Music Box (2003) – Another four-disc box set; I assume Rhino decided Listen to the Band was too expensive to reproduce (it’s a much bigger physical box; in the late 1980s and early 1990s record companies were making most of those boxes large enough to fit LPs, CDs, and cassettes) and had too many alternate takes and stereo instead of mono versions. This has far fewer rarities, but is way more representative of the first few albums, and it keeps the reunion material to a minimum. (In fact, each of the first three discs represents 1966, 1967, and 1968 output respectively, with the last disc saved for everything after that.) This is pretty readily available – in fact, Amazon claims to have new copies of the physical version for… $18.84?!?!? (Okay, screw it, I just ordered a copy. They’re out of stock, so it may take weeks to arrive, but it’s on order – and I got a free download as well.) Anyway, it’s $37.99 for the download on Amazon, and $39.99 on iTunes (and it’s available on Spotify), but why would you pay $37.99 for the download if you get a download and a physical copy (hopefully) for less than half that? I’ll let you know how this turns out (if I get my physical set, this is clearly a much better option than The Best of The Monkees until they run out), but I guess I don’t need to look for Anthology anymore.

Classic Album Collection
(2010) – 10-disc set with all nine studio albums, and a tenth disc of single-only releases, alternate takes, and a couple of the reunion songs. I’d probably rather get the expanded editions of the better albums and skip the bad ones, but that’s me.  $38.10 for the disc on Amazon, not available for download.  Original Album Series (release year unknown) is similar, but only has the first five studio albums.

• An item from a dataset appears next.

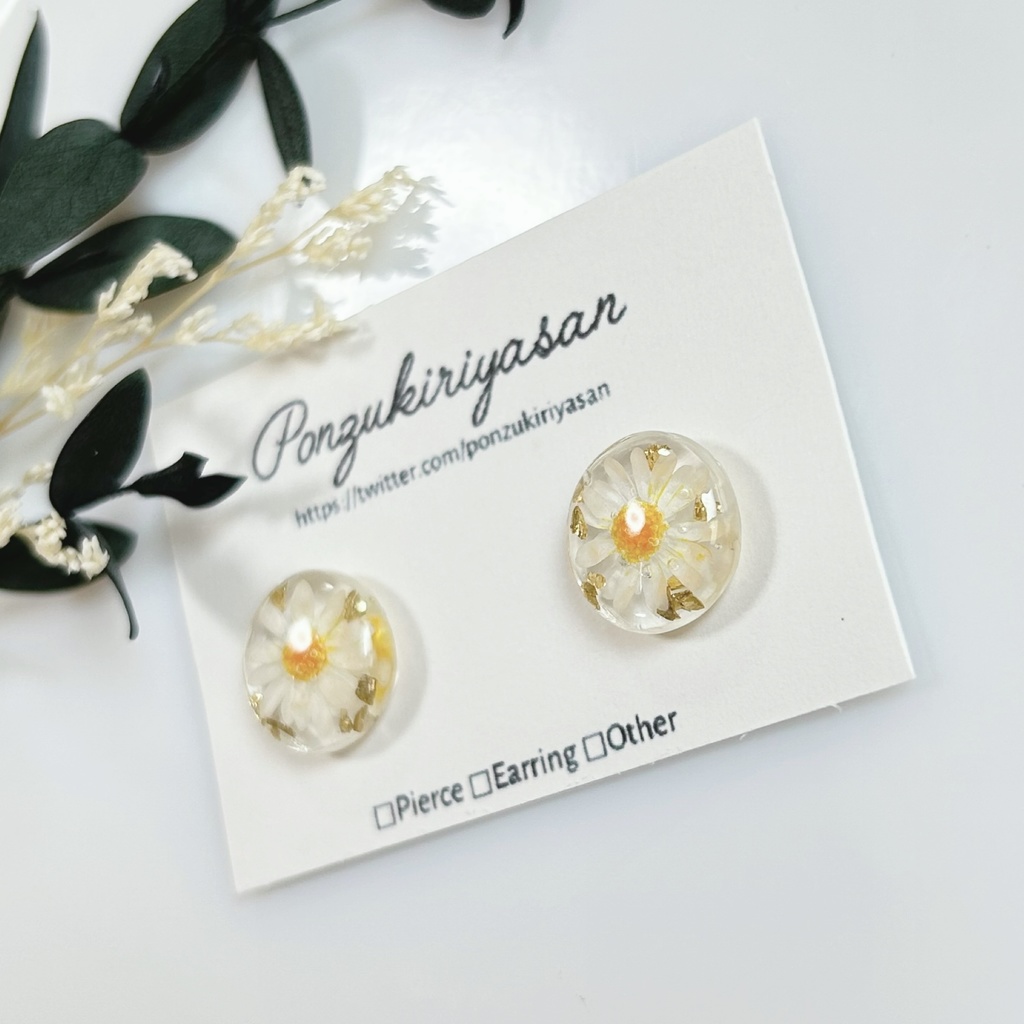 1413デイジー風一粒レジンピアス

The Monkees 50 (2016) – 50 songs on three discs (can’t see why they wouldn’t fit on two, but whatever), and they even found room for “Tapioca Tundra.” $21.43 for the discs and $28.49 for the download on Amazon ($29.99 on iTunes) – which might be worth it if you can’t order Music Box the way I did. 

(2016) – Medium-budget item with 14 songs, including all the key hits and a sprinkle of the more recent songs. $9.72 for the disc and $9.49 for the download on Amazon; iTunes doesn’t seem to have it.

None of the four Monkees have a solo best-of, although all of them have had solo albums released and most of them are available for download. I have two of Mike Nesmith’s solo albums; Magnetic South is a first-rate country rock album, Tantamount to Treason Volume 1 is not.

The TV series doesn’t seem to stream anywhere (perhaps someone will fix that); in the interim, the first year of the show is available as a six-DVD set on Amazon for $26.78.  There are used copies of the second year of the program, Head, the (lousy) 1997 reunion show Hey Hey We’re the Monkees (the conceit was they were still trying to make it as a successful band 30 years later), the 1969 curio special 33-1/3 Revolutions Per Monkee (taped before Peter left but aired after – and against the Oscars, so no one saw it), and a few documentaries and concert videos available on used DVDs and VHS tapes on Amazon for exorbitant prices.